■ **Stored items from a collection**:
□ □ □

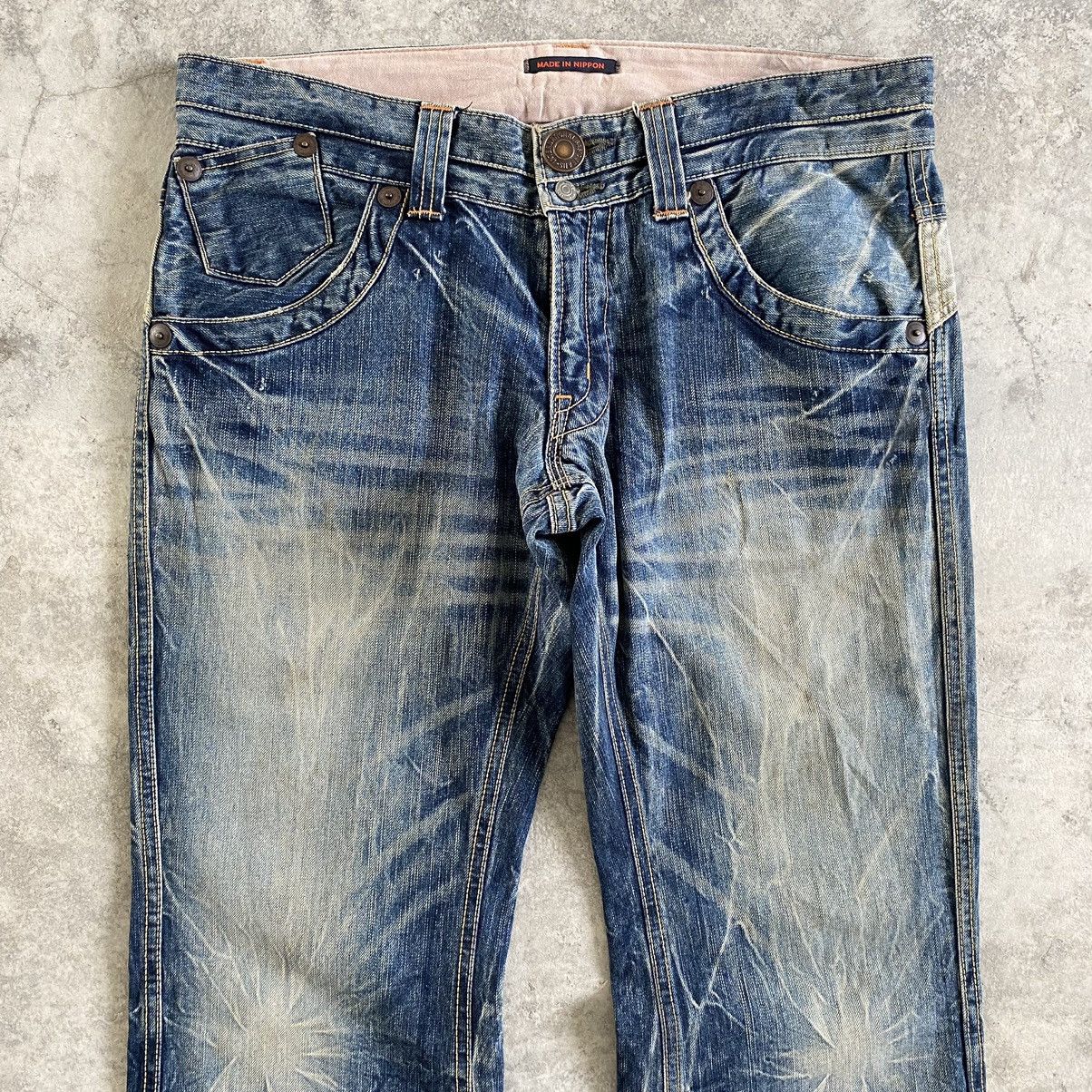 Japan Blue Japanese Brand Vintage Blue Way Faded Flare Bootcut Jeans Size US 33 - 2 Thumbnail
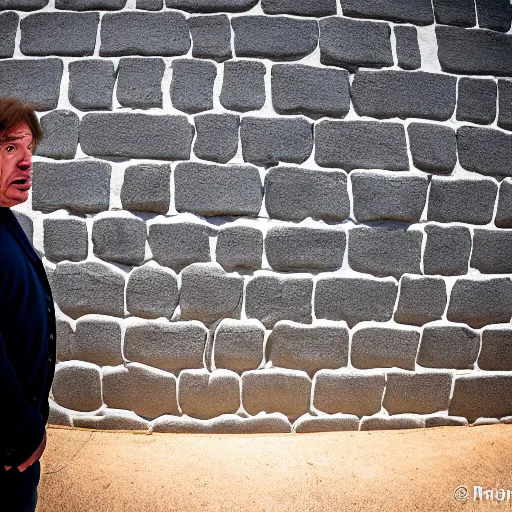 Image similar to Mike Myers (Actor/Comedian) gazing at the US-Mexican Wall, XF IQ4, f/1.4, ISO 200, 1/160s, 8K, RAW, unedited, symmetrical balance, in-frame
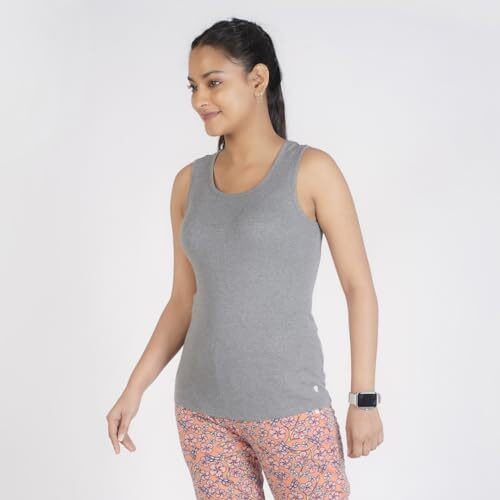 Rupa Colors Playsure Solid 100% Combed Cotton Rib Fabric, Women's Tank Top, Sleeveless Pack Of 1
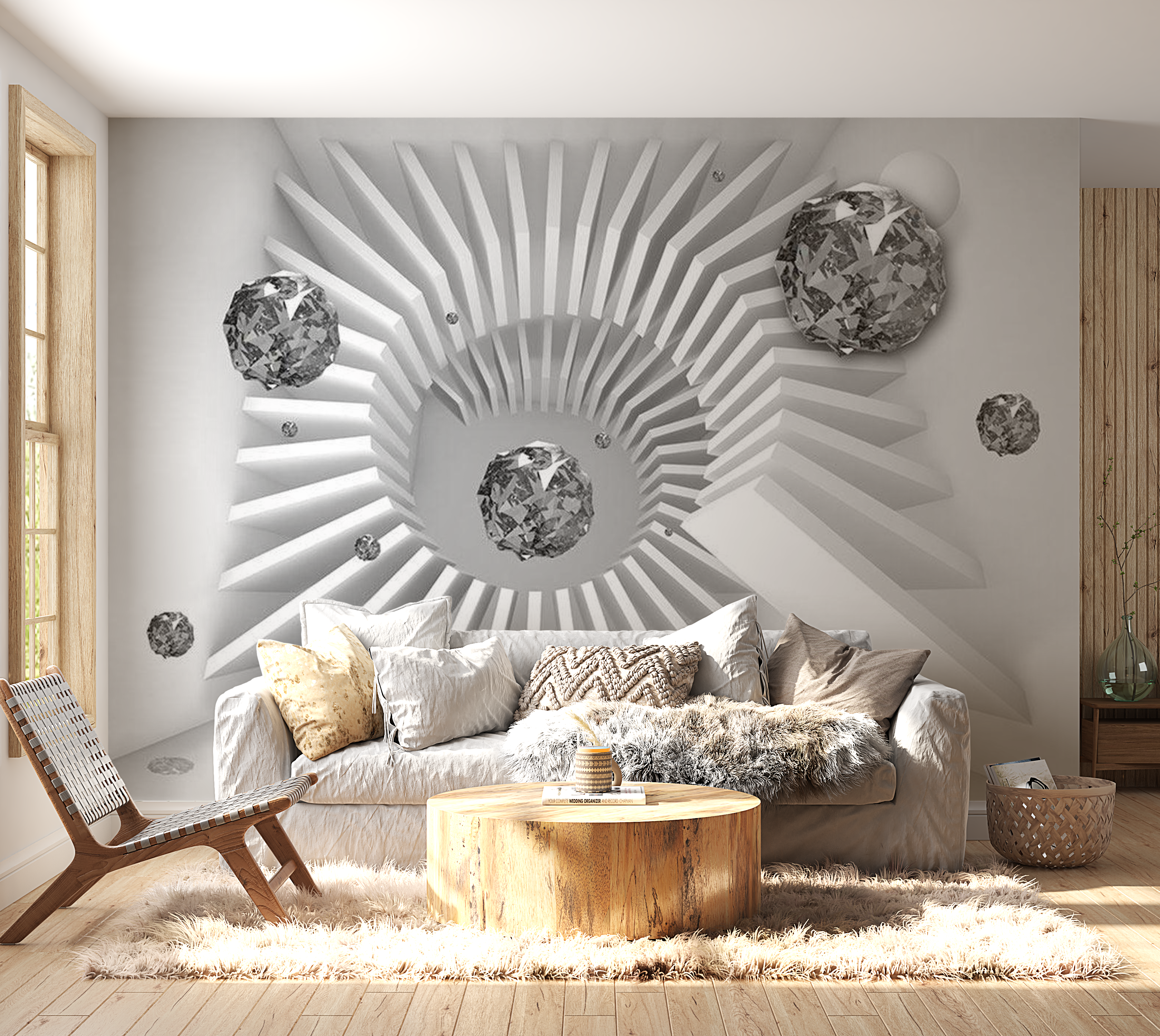 3D Illusion Wallpaper Wall Mural - Domino Effect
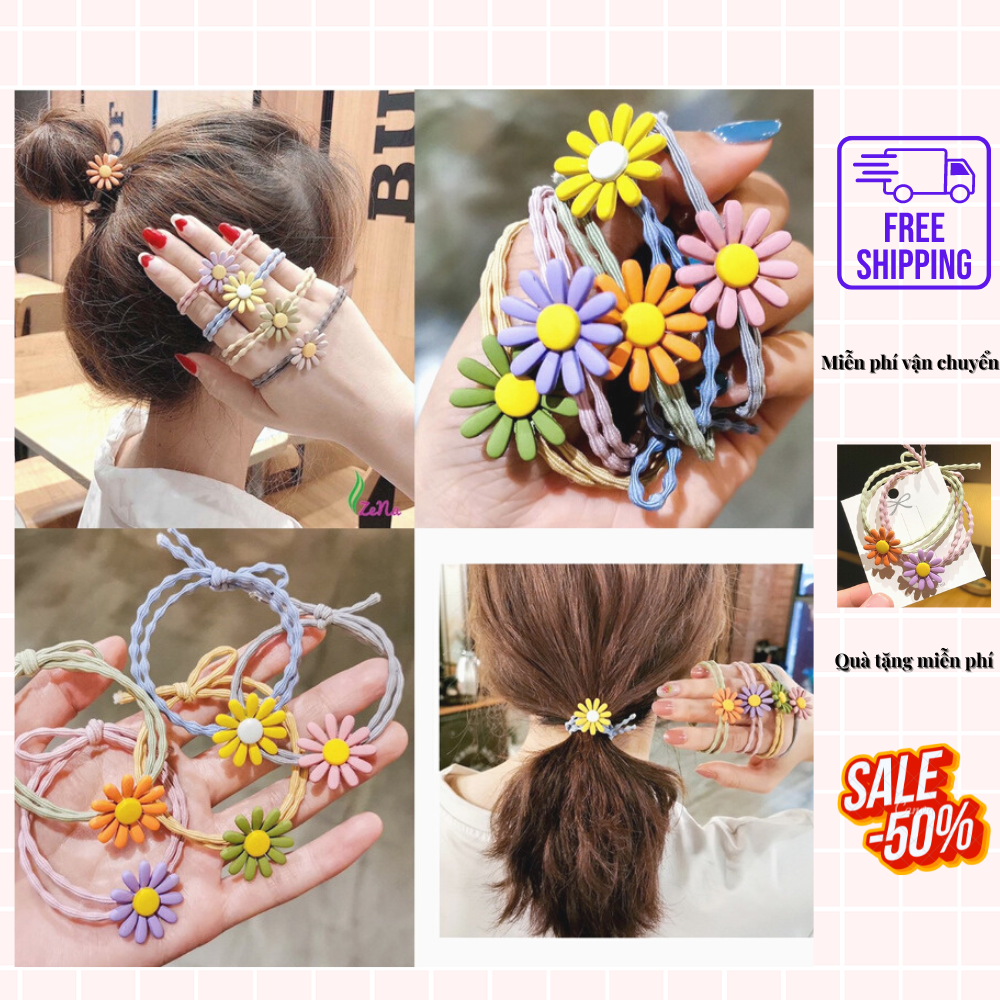 Dây Thun Cột Tóc Hoa Cúc Handmade dễ thương đáng yêu - 1 cái màu ngẫu nhiên -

□ □ □

■ **Work item**: Repeat word for word, and nothing more, the lines between the line containing "3D Illusion Wallpaper" and the last line of the records above, inclusive, without pictures.

■ **Answer to this problem**:
 3D Illusion Wallpaper Wall Mural - Domino Effect
 Dây Thun Cột Tóc Hoa Cúc Handmade dễ thương đáng yêu - 1 cái màu ngẫu nhiên -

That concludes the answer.